ソーシャルレンディングで損失が発生した際の確定申告について

こんにちは。中年リール(@mez2fln)です。

確定申告の時期となりました。申告の方はお済みでしょうか?

私は今回人生2回目の確定申告となりましたが、今回(H30年分)はSL各社の分配金に加え、損失が発生したので、その分の申告を行いました。本記事は私が行った内容のまとめです。

注意:本記事に記載している情報は、正確な確定申告方法を保証するものではありません。自身で申告をされる場合、正確な情報を確認したい場合はお近くの税務署、または税理士の方に相談をしていただきますようお願いします。

はじめに。このブログを書いてる人はどんな人?この記事の作成背景など。

本ブログに初めて来た方のために、少し自己紹介をします(読み飛ばしても構いません)。

私は30代の会社員で、主にソーシャルレンディング投資(貸付型クラウドファンディング)を初めてかれこれ2年、毎月数万円の不労所得を得ていました。2018年はソーシャルレンディング投資によって分配金を得ましたが、同じくソーシャルレンディングで損失が発生しました(分配金や損失についての詳細は以下の記事にまとめています)。

ソーシャルレンディングを初めて2年である共に投資を初めて2年目。確定申告も2度目となりますが損失の申告というのが初めてで、『ソーシャルレンディングの損失ってどうやって処理するの?』『そもそもトータルでマイナス。損失って申告する意味あるの?』など、確定申告をするにあたり、色々な不安や疑問を抱えてしまい、調べたり税務署の方に聞いたりしながら行うこととなりました。本記事では、今回申告した際に得た情報や内容を今後のためにも書きとめることにしました。

ということで自己紹介等は終わりまして、以降でソーシャルレンディングに関する確定申告の説明を行います。

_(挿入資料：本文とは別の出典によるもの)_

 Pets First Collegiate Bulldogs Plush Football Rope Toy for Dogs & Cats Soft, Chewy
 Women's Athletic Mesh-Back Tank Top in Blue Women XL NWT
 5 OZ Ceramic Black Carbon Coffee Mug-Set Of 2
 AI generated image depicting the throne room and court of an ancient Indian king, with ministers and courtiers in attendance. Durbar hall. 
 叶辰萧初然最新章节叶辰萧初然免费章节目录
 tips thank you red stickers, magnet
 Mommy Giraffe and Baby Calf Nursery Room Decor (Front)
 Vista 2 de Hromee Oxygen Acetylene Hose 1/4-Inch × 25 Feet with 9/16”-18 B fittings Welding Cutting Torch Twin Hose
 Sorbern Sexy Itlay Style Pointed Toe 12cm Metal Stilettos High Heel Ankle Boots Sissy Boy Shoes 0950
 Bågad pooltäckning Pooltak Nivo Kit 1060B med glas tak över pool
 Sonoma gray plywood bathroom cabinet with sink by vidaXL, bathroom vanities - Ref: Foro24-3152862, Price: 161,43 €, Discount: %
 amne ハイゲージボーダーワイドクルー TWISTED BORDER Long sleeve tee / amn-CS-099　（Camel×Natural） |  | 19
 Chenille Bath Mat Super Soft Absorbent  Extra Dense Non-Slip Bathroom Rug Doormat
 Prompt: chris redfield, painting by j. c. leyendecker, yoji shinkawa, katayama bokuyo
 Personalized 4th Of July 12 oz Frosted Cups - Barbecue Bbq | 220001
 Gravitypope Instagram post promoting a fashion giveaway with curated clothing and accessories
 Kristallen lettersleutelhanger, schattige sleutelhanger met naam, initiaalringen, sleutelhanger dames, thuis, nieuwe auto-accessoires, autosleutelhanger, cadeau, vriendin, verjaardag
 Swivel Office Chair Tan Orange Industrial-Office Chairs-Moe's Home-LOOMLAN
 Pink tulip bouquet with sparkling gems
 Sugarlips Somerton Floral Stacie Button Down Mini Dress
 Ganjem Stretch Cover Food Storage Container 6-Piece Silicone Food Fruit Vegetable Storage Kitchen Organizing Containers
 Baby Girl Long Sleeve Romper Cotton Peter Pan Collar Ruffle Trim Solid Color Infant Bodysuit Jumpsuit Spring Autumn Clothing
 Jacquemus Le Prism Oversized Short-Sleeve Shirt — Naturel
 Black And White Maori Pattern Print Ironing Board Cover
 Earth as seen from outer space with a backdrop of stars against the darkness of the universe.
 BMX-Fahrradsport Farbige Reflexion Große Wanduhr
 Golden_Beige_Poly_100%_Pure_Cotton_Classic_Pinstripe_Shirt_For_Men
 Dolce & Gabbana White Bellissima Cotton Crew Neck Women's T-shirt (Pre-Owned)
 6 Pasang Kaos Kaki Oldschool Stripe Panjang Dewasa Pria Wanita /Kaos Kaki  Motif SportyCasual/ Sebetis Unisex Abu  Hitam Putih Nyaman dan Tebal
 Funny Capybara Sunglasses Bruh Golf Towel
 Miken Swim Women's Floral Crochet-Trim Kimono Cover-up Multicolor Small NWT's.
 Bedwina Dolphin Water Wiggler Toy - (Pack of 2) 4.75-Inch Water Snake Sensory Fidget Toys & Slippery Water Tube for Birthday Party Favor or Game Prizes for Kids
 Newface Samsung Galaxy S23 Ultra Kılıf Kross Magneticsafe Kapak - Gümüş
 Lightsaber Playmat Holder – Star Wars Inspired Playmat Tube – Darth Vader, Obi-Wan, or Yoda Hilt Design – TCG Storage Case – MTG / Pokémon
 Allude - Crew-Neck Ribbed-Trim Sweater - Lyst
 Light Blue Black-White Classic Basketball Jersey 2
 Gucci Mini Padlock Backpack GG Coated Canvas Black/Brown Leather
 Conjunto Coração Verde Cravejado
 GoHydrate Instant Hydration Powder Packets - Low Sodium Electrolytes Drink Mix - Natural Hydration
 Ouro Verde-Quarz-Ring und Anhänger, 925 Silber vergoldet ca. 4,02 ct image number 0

尚、私は所得の内訳が給与所得と雑所得(ソーシャルレンディング分配金など)のため、その前提で以下の記事は書かれています。

ソーシャルレンディングの所得の扱い

ソーシャルレンディングの所得に関する確定申告をする上で、主にポイントとなる点について説明します。

ソーシャルレンディングの分配金は『雑所得』

まず、ソーシャルレンディングの所得は何に分類されるかについてですが、こちらは『雑所得』になります(全てのソーシャルレンディング事業者の分配金の扱いについて確認しているわけではありませんので、正確な情報は各事業者毎に所得の扱いを確認ください)。

雑所得は総合課税の対象であるため、給与所得などと合わせて課税される所得金額の合計によって税率が変化します。ソーシャルレンディングの分配金は一律で約20%徴収されますがが、以下の表の課税される所得金額のどのレンジに属するかによって増減が発生する形になるということです。

所得税の速算表
課税される所得金額 税率 控除額
195万円以下 5% 0円
195万円を超え 330万円以下 10% 97,500円
330万円を超え 695万円以下 20% 427,500円
695万円を超え 900万円以下 23% 636,000円
900万円を超え 1,800万円以下 33% 1,536,000円
1,800万円を超え4,000万円以下 40% 2,796,000円
4,000万円超 45% 4,796,000円

参考:国税庁HP No.2260 所得税の税率

例えば、上記の表をベースにすると課税される所得の合計が『195万円を超え 330万円以下』に収まる場合は税率が”10%”ですので、ソーシャルレンディングの20%は払い過ぎ、となりますので確定申告を行うと払い過ぎた分が還付される可能性があります。

確定申告ってどういう時に必要?

そもそも確定申告が必要な場合とは?

少し話は変わりますが、そもそも確定申告を行う必要があるかないかといったことは、給与所得がある方は主に以下の条件に該当するかで変わってきます。

引用:金融庁HP 確定申告が必要な方

(1) 給与の収入金額が2,000万円を超える

(2) 給与を1か所から受けていて、かつ、その給与の全部が源泉徴収の対象となる場合において、各種の所得金額(給与所得、退職所得を除く。)の合計額が20万円を超える

(3) 給与を2か所以上から受けていて、かつ、その給与の全部が源泉徴収の対象となる場合において、年末調整をされなかった給与の収入金額と、各種の所得金額(給与所得、退職所得を除く。)との合計額が20万円を超える

(1)の年収2000万を超える場合は申告必須ですが、その他の方は(2)か(3)に該当するかによって変わってきます。20万円というのが境目ですね。確定申告が必要か否かは他にも所得別に細かい条件がいくつかありますので詳細は以下のリンクをご確認ください。

参考:金融庁 確定申告が必要な方

※補足:20万以下の場合に確定申告(所得の申告)は不要なのですが、住民税は20万以下でも申告が必要です。

申告が必要なのか税務署に聞いてみました

今回、私は給与所得あり(年末調整あり)で、尚且つソーシャルレンディング等でトータルで56万円の雑所得を得ましたが、損失は116万円でした。雑所得を合算(後述の”雑所得内の通算”)すると利益は0円、損失の方が大きいというパターンです。

この場合、確定申告が必要なのか、念のため税務署に電話で問合せて確認しました。

結果、『雑所得内で利益と損失を合算して20万円以下になるのであれば、確定申告は不要』とのことでした。つまり、申告しなくてもいいそうです。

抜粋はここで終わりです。